*Given entries:*

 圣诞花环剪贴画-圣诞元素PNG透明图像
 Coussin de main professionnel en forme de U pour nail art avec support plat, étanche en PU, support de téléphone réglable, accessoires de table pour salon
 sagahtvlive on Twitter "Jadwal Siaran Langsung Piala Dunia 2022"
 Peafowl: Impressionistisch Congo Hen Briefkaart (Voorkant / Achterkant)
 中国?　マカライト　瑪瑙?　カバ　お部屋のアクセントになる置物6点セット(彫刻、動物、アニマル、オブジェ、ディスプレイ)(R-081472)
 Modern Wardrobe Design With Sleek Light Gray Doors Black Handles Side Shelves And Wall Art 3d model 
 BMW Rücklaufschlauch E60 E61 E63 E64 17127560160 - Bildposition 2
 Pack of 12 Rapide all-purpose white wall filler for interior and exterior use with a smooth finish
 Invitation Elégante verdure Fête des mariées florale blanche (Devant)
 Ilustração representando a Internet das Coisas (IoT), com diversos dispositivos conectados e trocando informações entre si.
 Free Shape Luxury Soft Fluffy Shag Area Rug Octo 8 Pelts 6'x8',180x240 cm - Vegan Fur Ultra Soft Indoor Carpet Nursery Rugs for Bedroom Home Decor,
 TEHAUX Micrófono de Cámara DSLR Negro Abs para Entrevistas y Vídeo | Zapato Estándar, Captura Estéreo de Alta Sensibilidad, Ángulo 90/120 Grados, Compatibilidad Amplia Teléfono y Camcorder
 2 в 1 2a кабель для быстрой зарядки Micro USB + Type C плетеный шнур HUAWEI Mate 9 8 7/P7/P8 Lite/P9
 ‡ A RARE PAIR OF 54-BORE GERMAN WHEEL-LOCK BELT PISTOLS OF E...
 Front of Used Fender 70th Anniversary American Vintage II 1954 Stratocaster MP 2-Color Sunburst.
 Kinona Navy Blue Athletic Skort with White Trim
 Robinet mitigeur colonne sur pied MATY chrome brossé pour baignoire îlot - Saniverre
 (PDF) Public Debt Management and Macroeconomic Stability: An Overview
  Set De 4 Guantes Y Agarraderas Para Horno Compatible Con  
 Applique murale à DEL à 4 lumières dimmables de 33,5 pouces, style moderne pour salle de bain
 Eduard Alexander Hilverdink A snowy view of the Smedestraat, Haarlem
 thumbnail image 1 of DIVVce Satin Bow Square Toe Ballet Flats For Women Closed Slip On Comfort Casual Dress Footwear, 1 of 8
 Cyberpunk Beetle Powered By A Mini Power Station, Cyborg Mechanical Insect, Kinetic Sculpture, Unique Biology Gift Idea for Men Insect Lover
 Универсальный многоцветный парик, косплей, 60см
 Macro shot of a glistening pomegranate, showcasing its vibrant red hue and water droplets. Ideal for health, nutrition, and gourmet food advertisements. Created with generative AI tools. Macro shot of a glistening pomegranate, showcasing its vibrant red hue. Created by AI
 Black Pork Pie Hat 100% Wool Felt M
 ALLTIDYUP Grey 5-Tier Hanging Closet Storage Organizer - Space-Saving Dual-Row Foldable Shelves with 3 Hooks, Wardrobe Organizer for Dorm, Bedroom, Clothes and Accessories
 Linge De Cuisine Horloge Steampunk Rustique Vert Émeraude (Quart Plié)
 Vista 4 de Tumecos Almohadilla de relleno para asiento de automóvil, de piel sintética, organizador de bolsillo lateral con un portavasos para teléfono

*Work to be completed:* Restate the tail of the listing word for word, beginning at the line containing "ALLTIDYUP Grey 5-Tier".

*Written response:*
 ALLTIDYUP Grey 5-Tier Hanging Closet Storage Organizer - Space-Saving Dual-Row Foldable Shelves with 3 Hooks, Wardrobe Organizer for Dorm, Bedroom, Clothes and Accessories
 Linge De Cuisine Horloge Steampunk Rustique Vert Émeraude (Quart Plié)
 Vista 4 de Tumecos Almohadilla de relleno para asiento de automóvil, de piel sintética, organizador de bolsillo lateral con un portavasos para teléfono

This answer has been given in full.